How do you get people to open up to you?
Well, this was the most challenging movie that I’ve ever made, because I was taking my most famous character and trying to make a movie with real people. And I realised Borat is the perfect character for Trump, because really Borat is a slightly more extreme version of Trump. They are both misogynistic and racist, they both support anti-Semites, they both cannot care less about democracy, they both hold very old worldviews, and they’re both laughable characters. So, I realised by talking to some Trump supporters as Borat, I could actually get them to reveal how far they were willing to go, because what is publicly said by the president and some of his supporters is so extreme, I thought how do you satirise that?

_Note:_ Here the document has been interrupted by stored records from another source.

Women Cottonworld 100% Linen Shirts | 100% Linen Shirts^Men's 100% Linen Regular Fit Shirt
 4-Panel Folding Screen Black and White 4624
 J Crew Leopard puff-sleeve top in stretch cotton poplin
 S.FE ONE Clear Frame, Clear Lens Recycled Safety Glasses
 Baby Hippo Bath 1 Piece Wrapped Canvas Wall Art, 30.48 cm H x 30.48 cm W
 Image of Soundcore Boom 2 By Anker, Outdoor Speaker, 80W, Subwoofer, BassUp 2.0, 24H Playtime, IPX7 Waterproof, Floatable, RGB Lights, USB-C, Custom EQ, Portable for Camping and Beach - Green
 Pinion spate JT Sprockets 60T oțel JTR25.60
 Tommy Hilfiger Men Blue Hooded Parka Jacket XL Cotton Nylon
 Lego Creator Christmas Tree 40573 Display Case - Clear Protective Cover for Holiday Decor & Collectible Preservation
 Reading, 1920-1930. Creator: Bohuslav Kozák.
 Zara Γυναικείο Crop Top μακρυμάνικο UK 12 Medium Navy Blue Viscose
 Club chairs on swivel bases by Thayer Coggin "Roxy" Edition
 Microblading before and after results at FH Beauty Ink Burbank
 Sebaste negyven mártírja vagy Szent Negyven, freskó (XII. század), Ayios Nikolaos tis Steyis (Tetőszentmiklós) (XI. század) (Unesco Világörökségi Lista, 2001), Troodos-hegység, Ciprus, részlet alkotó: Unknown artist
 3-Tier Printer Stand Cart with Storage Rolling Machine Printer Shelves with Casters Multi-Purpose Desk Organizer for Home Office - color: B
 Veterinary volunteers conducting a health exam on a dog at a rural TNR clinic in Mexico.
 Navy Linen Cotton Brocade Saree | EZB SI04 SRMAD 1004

So, when it came to the gun rally in Washington state and getting a crowd of people to agree to slice up journalists, what I wanted to reveal again was that we are on a precipice where we can see the edge of democracy and after that we fall into the abyss of autocracy, where it’s not just verbal attacks on journalists, it’s physical attacks and it’s the autocracy’s fight. As members of a journalistic association, I know you guys feel increasingly threatened, so I brought out my own fake news journalist to make America and the world laugh, and to try to occasionally show the danger that lies ahead.
Did you have problems opening a conversation with hate-filled people?
Well, I realise that to make a sequel to Borat which itself was a startling movie for cinemagoers, I would have to put myself in some deeply uncomfortable situations, so I knew that during some of the scenes my heart would start thumping. In fact, on one of the first days of filming at the Richmond Gun Rally, there had been a threat that had been uncovered by a white supremacist group to conduct a mass shooting. The [Federal Bureau of Investigation] had foiled it and I was going into a situation where I’d be wearing a tee-shirt that was not fully supportive of the National Rifle Association and so, it’s the first time in my career I donned a bullet proof vest which I wore for two of the scenes in the movie.
Do you think that social media exaggerates polarised behaviour?
Well, essentially what’s happened is there are a handful of people who control what information billions of people around the world receive. That is unfair and undemocratic, those people aren’t voted for, they cannot be replaced and they’re not accountable. And what we have witnessed is a revolution far more impactful than the Industrial Revolution. It’s the technological revolution. After the Industrial Revolution there were decades where governments caught up with the changes that were brought, and it took many years for the government to introduce legislation that curbed the excesses of the industrialists who were at the forefront of that change. I believe that we are in that period now where there’s been a technological revolution that everyone assumed would be merely positive, they’ve realised there are some very negative effects from it and governments around the world are catching up, and there’ll be a period before there is legislation that really makes a change. But I believe that real change has to happen. I would also say that social media has done more to change in the past few weeks than in the past few years. And a lot of that is down to a wonderful movie called Stop Hate for Profit, so there’s hope.